Last evening I was so full of love, peace, gratitude. This morning, I had for Jesus a large ear full of how much I don't believe He is helping me. There was an even huger portion of how I am not good enough and nothing good will ever happen to me again. I told all this stuff to Jesus realizing they are ego thoughts and they are meaningless. The ego never happened so these thoughts never happened; but I think they happened so I talk to Jesus about them. These are thoughts which need healing; which means I need to let go of my ego and this ego world. I need to allow God's Love to return to me and believe in the divine light in me (and you); and let Jesus handle the details.
At one point, as I pondered the letting go of my ego thoughts and anger at God for not sending me what I want when I want it, I realized, I would rather die than be healed. I would rather stick to my ego and ignore/deny God's glory than open my eyes to It and be in awe of What It Is, which I am a part of and made by. Of course! My ego would die if I stopped believing it and instead believed totally in God's Love. My ego would rather have me kill myself than give it up. So I asked Jesus for a miracle, a change in my perception; a miracle of acceptance of love and of the truth about me. The ego fights Love very vociferously, pouncing on me whenever it thinks I might escape its prison. That is all that happened: I was aware of Love and my ego fought it.

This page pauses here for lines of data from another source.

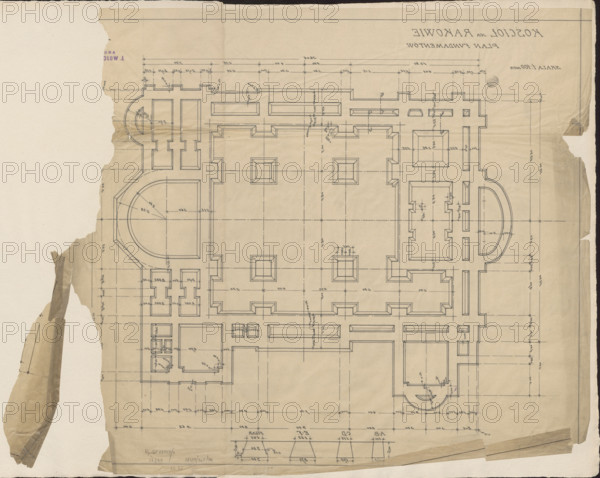 Czestochowa. Church in Raków. Unrealized project. Foundation plan. Wojciechowski, Jaroslaw (1874–1942). Architecture; churches. Towns, Czestochowa (Silesian Voivodeship). Modernism (style). 1911. Drawing; architectural drawing; architectural design. Height 40.5 cm; width 57.5 cm.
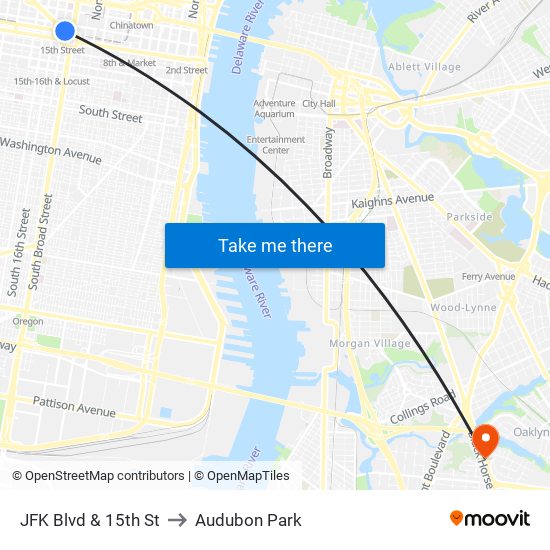 JFK Blvd & 15th St to Audubon Park map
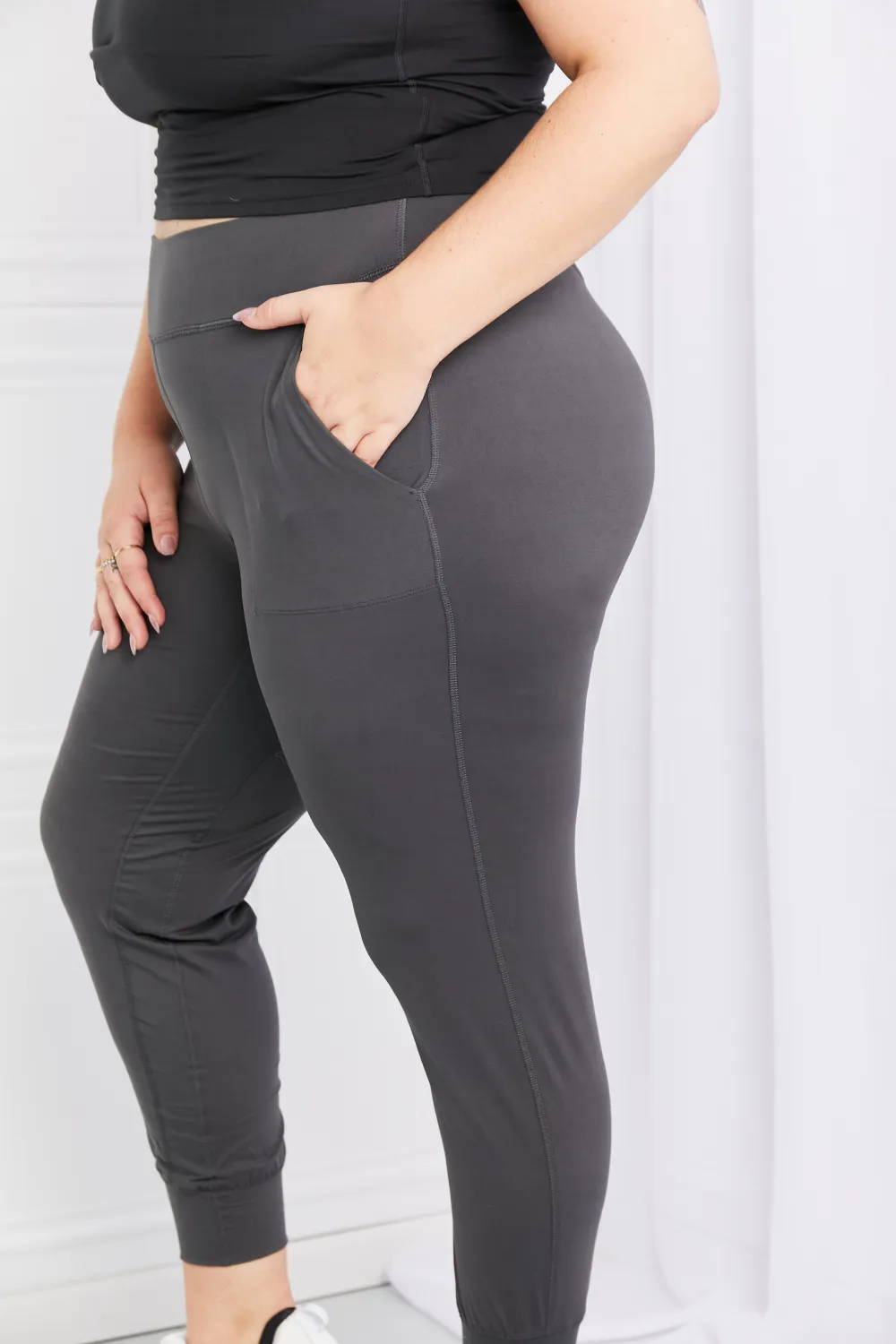 Full Size Pocketed High Waist Pants, image 4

It was a stormy morning here. It was still stormy at 5 so I did my meditation. At 6:15, it was still stormy and I was sleepy so I went back to bed. This idea must have been intuitive guidance because I had a meaningful dream and a loving dream. I rarely remember dreams. But this one was one of those gifts.
Then, I went for a 2 hour low impact jog. It was cloudy and cool, 72F. I said hi to Merry and a couple of others whose names I don't know. The park was very quiet. God was speaking in green trees and silence.
After my run, I thought, "How do you know that there is anything to be worried about? Why do you think that everything is not being perfectly handled better than you can?" I realized my message is to let go and let God. My message is to just follow the guidance. Trust Love.
This time of unemployment is one of intense spiritual and emotional growth; a gift. Now if I could just remember that. It is so habitual for me to think God is punishing me. There is no evidence God is punishing me. More likely I am punishing myself because I don't like myself. There is no evidence for not liking me; everyone else does. I still have more inner healing to do before I think I'll be ready to jump back into my profession.
I am love and I live in Love. I don't need any other thoughts.